- Negli ultimi decenni abbiamo assistito a un aumento generalizzato delle porzioni di cibo: non promosso dalla nostra domanda, ma dall’offerta, perché per le aziende conviene offrire quantità più grandi di cibo
- Ora però le aziende, per evitare i rincari innescati dalla guerra in Ucraina, a parità di prezzo devono rimpicciolire le quantità
- Un professore francese propone una via per aiutarle a ridurre le porzioni senza ridurre la clientela: puntare sull’appagamento anziché sul rendimento (della spesa)
Anche se il problema è sotto gli occhi di tutti, è difficile comprenderne le proporzioni.
Negli ultimi due decenni la pizza surgelata standard è passata da 200 grammi a più di 350, mentre il pacchetto medio di patatine è cresciuto da 100 a 150 gr. Se nel 2023 mangiassimo ogni giorno un sandwich assumeremmo in un anno 7500 calorie in più rispetto al 2014, quando le due fette di pane pesavano 35 grammi invece che 40 come oggi.
E se andiamo ancora più indietro la differenza aumenta: negli anni Cinquanta in Usa un hamburger medio pesava 110 grammi; ora è circa il triplo, 340 gr.

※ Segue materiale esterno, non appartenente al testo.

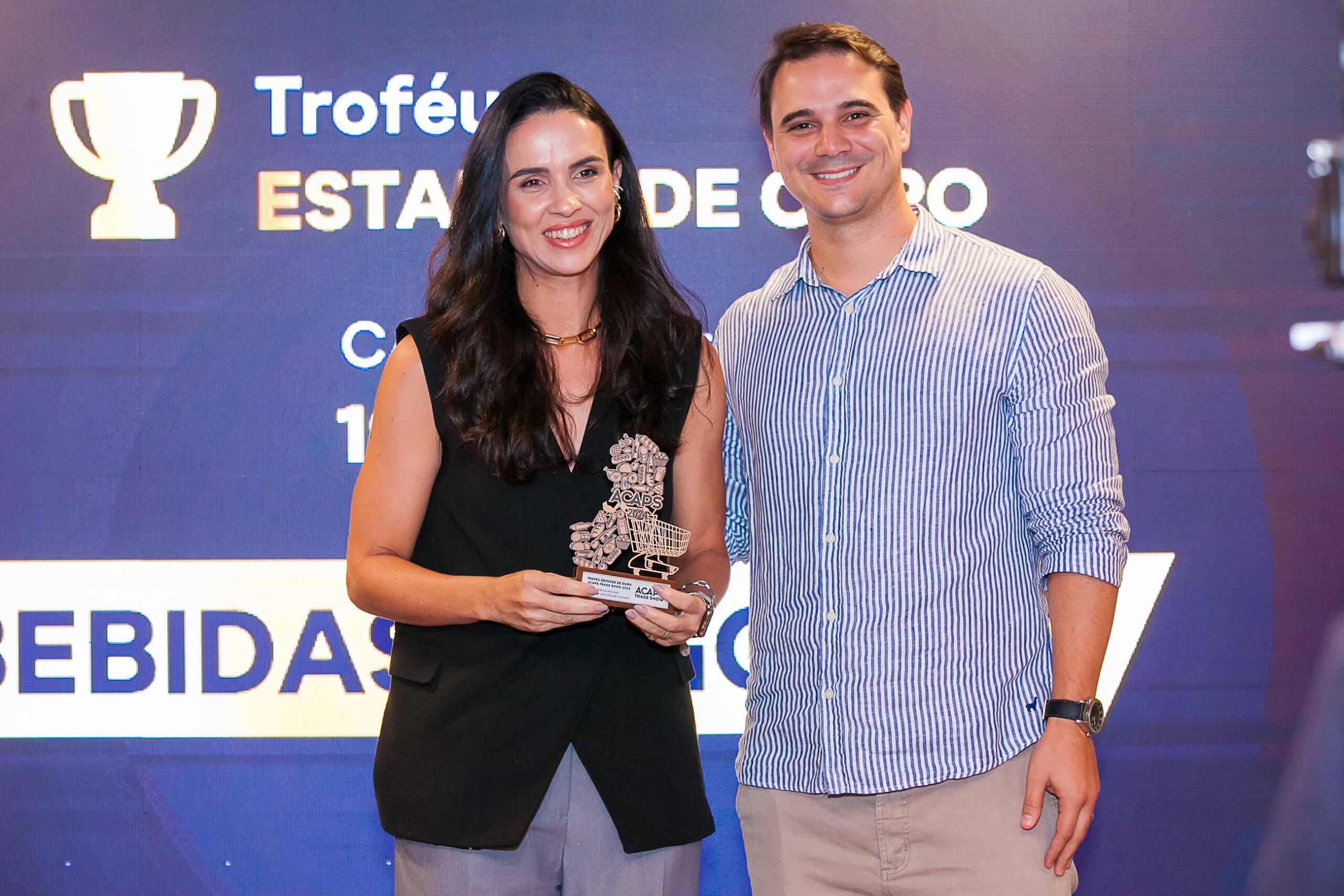 Troféu Estande de Ouro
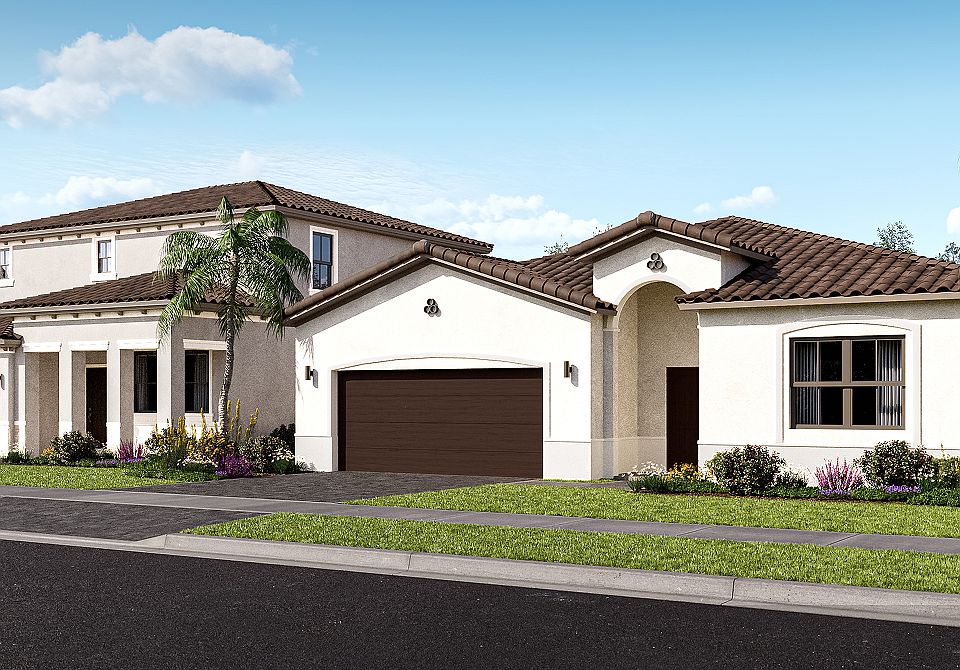 Sunstone Streetscape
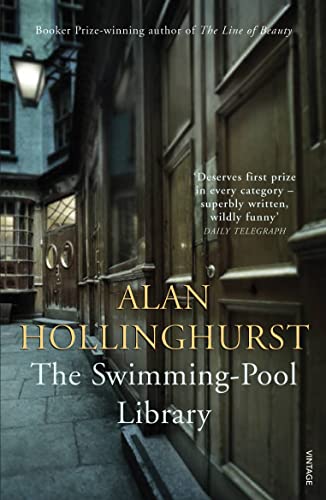 9780099268130: The Swimming-Pool Library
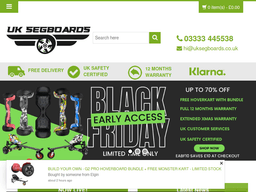Uksegboards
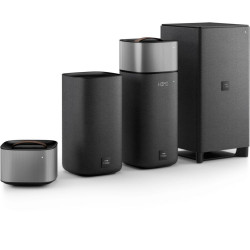 Pack Home Cinéma PHILIPS E6/12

Allora una bottiglietta “normale” di Coca Cola equivaleva a 19 cl, contro i 33 della dose per bambini di molti fast food di oggi.
Domanda e offerta
A promuovere questo aumento generalizzato nel consumo di cibo è stata l’offerta, non la nostra domanda. Perché, quando si tratta del nostro appetito, sono gli occhi e non lo stomaco a segnare il limite: più grandi sono le quantità che troviamo nel piatto, più ne mangiamo, a prescindere dalla sazietà. Questo effetto vale anche per gli infanti: si pensava che i bambini molto piccoli fossero guidati più da stimoli interni che esterni, ossia dalla fame, finché uno studio del 2015 ha dimostrato che anche loro rispondono a porzioni abbondanti mangiando di più.
Non è del tutto certo quando l’industria alimentare ha iniziato a dopare le quantità, mentre è sicuro invece che, dagli anni Settanta in poi, grazie alla combinazione tra politiche agricole, innovazione tecnologica, nuovi stili di vita e migliorati processi di trasformazione e conservazione degli alimenti, il cibo è diventato sempre più economico. Altrettanto quindi lo è diventato offrire porzioni giganti, i cui costi marginali sono praticamente identici alle taglie regular, ma che danno al consumatore l’impressione di fare un ottimo affare. Uno studio di Rachel Close e Dale Schoeller pubblicato nel 2006 sul Journal of the American College of Nutrition ha stimato che con le mega porzioni assumere un +73 per cento di calorie costa in media solo un +17 per cento al consumatore, mentre chi sceglie le taglie mini è penalizzato dai rivenditori, che gli fanno pagare prezzi molto più elevati che agli acquirenti insaziabili.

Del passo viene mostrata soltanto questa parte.